━━━━━ ENTRIES SHOWN
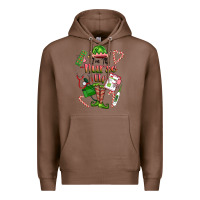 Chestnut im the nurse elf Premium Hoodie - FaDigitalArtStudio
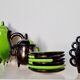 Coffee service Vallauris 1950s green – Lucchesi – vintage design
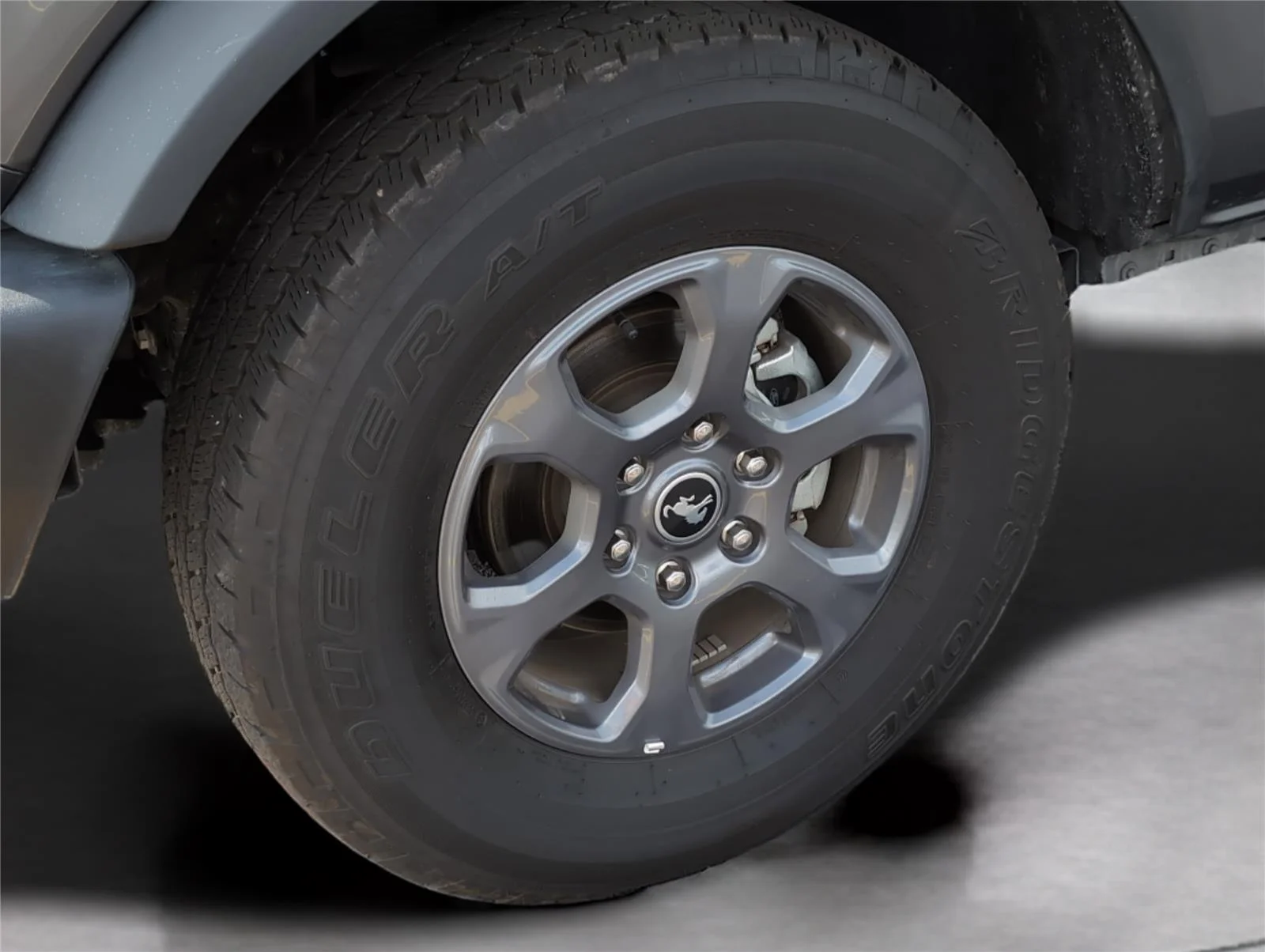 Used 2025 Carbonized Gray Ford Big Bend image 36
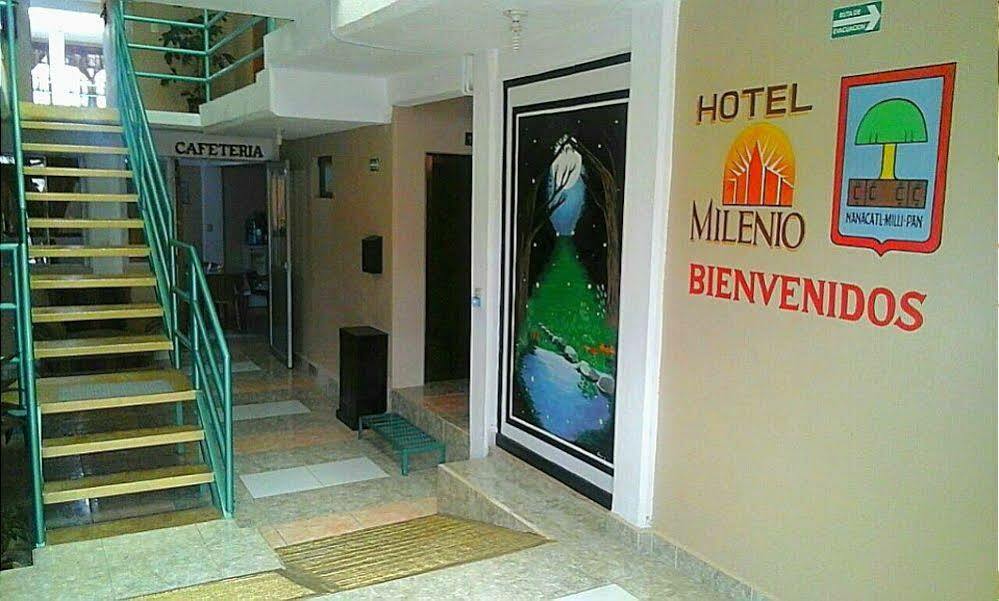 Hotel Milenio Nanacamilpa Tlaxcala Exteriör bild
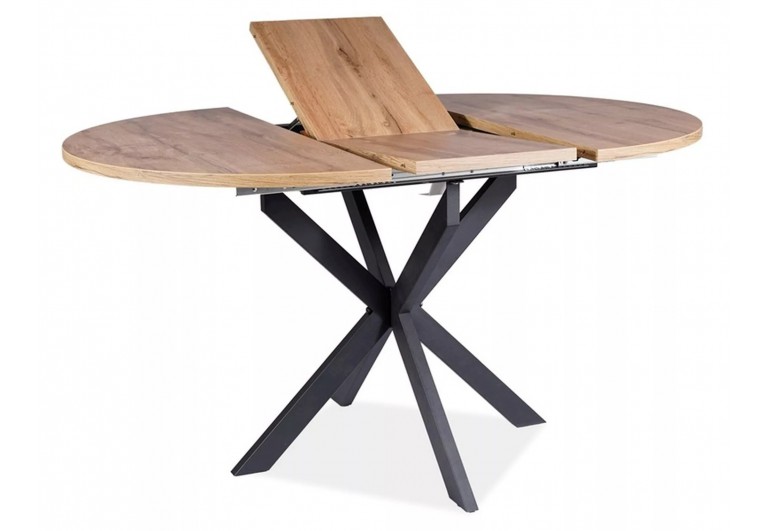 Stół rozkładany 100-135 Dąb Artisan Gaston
━━━━━━━━━━
━━━━━ ENTRIES SHOWN
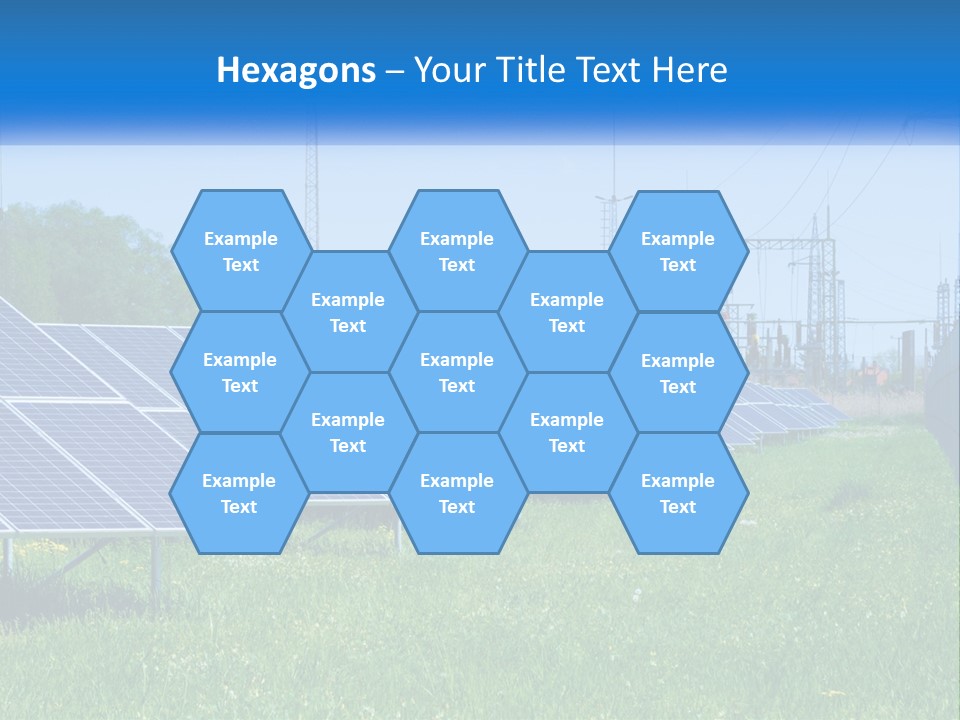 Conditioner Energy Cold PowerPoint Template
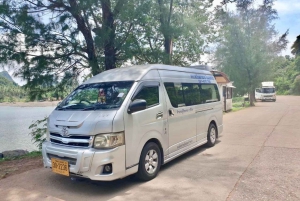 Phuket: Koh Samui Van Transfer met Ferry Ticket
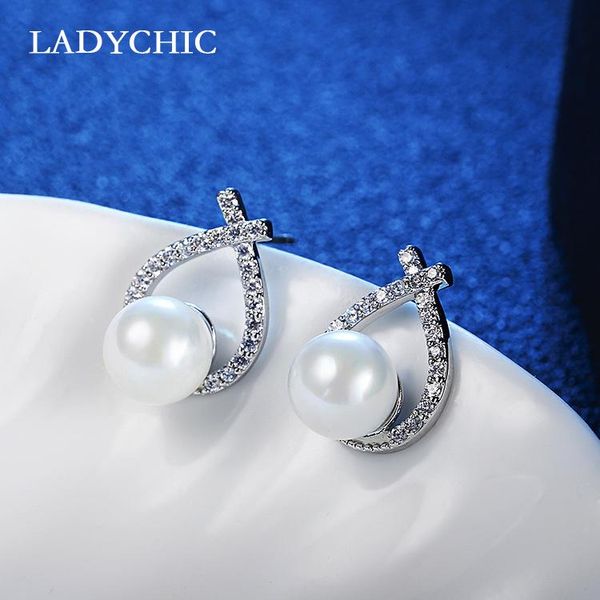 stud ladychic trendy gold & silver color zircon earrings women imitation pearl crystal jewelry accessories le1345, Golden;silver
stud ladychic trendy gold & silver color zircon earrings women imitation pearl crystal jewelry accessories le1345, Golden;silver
━━━━━━━━━━
All that should appear in the answer is the lines above from the line with "Coffee service Vallauris" through the line with "Stół rozkładany 100-135 Dąb Artisan Gaston", retyped exactly, pictures left out.

> TASK RESULT
 Coffee service Vallauris 1950s green – Lucchesi – vintage design
 Used 2025 Carbonized Gray Ford Big Bend image 36
 Hotel Milenio Nanacamilpa Tlaxcala Exteriör bild
 Stół rozkładany 100-135 Dąb Artisan Gaston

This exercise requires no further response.